This proposal seeks to expand Guild’s support of scalar log formats beyond TF events.
This proposal is under development
While Guild supports output scalars, which let users print scalar values to standard output, it otherwise requires users to log scalar values to TF event files. The TF event format is purpose built for logging scalars (floats associated with a tag/key and a step value) and is compatible with TensorBoard.
This scheme restricts users, however. Other log formats might include CSV files, JSON, Hydra, and HDF5. Furthermore, users may use esoteric libraries for logging to databases (e.g. common experiment tracking loggers).
Guild should be adaptable to these formats by way of plugins.

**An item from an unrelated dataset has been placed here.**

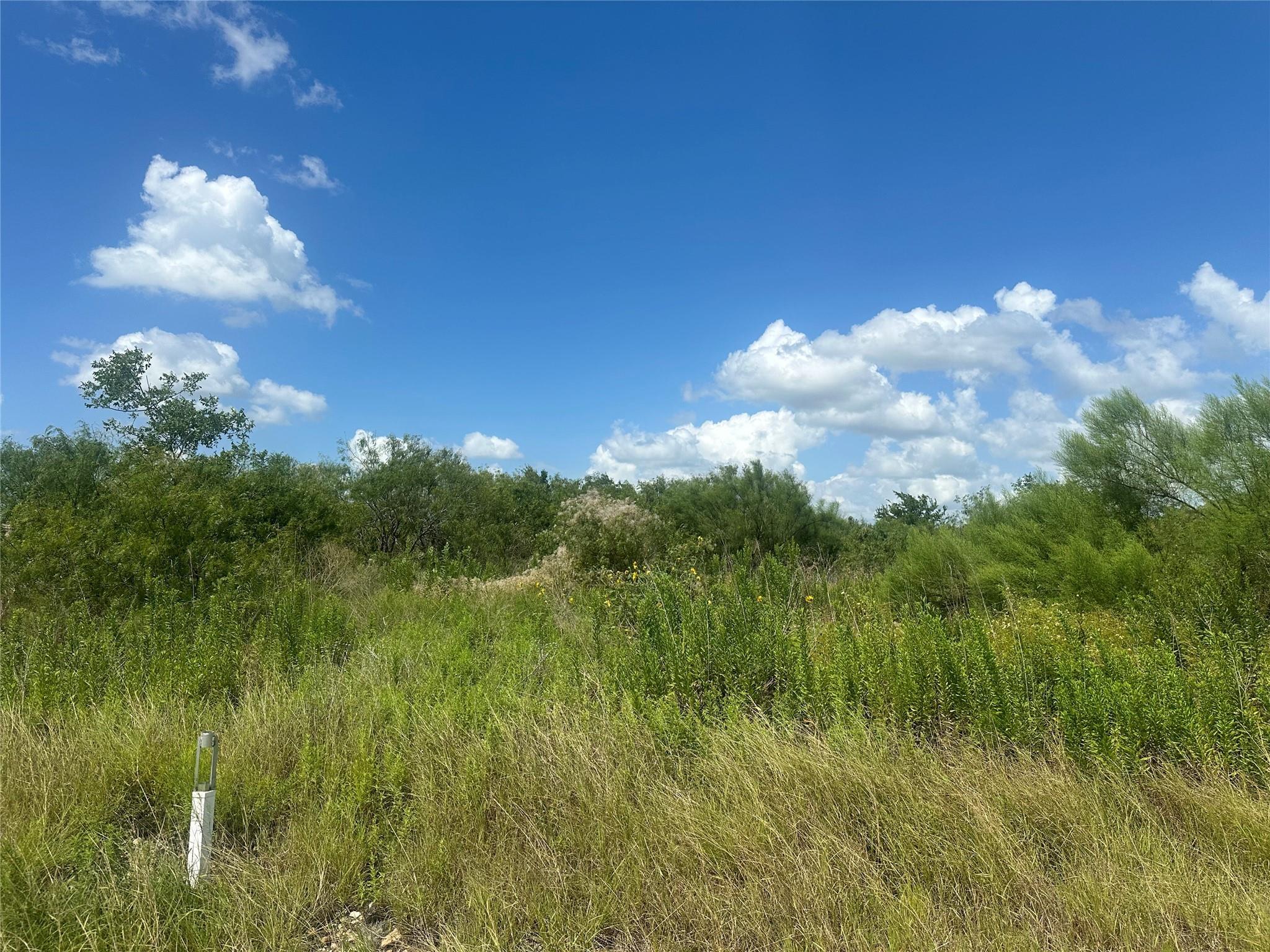 230 Burrobrush, 5482013, Niederwald, Lot,  for sale, Jessica Dodge, Full Circle Real Estate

Guild will extend its plugin API to support reading of scalars from a run directory. Guild will use this facility to scan a run directory for scalars, caching values per source as it does today with TF event files.
Guild has gotten by with the TF event format and output scalars for quite some time, so the “do nothing” option is not unreasonable. However, it restricts users to workarounds via output scalars or duplicating scalar logging, either by patching an existing logging scheme or by post-run processing (which is subject to catastrophic loss on process death).
Patch logging schemes at runtime
Guild could add support for alternative logging formats by patching the logging facility at runtime, mirroring the values in TF event files.
There is little upside in this approach and considerable downside:
- Brittleness of API patching
- Limited to runtime environments that support patching
- Subject to loss on process death
- Impact on runtime performance
This approach runs counter to Guild’s philosophy that the run directory is the system of record. Guild has established a successful pattern of lazily reading and caching-as-needed run artifacts as they are (e.g. lazy creation of log directories for images and hyperparameters in TensorBoard).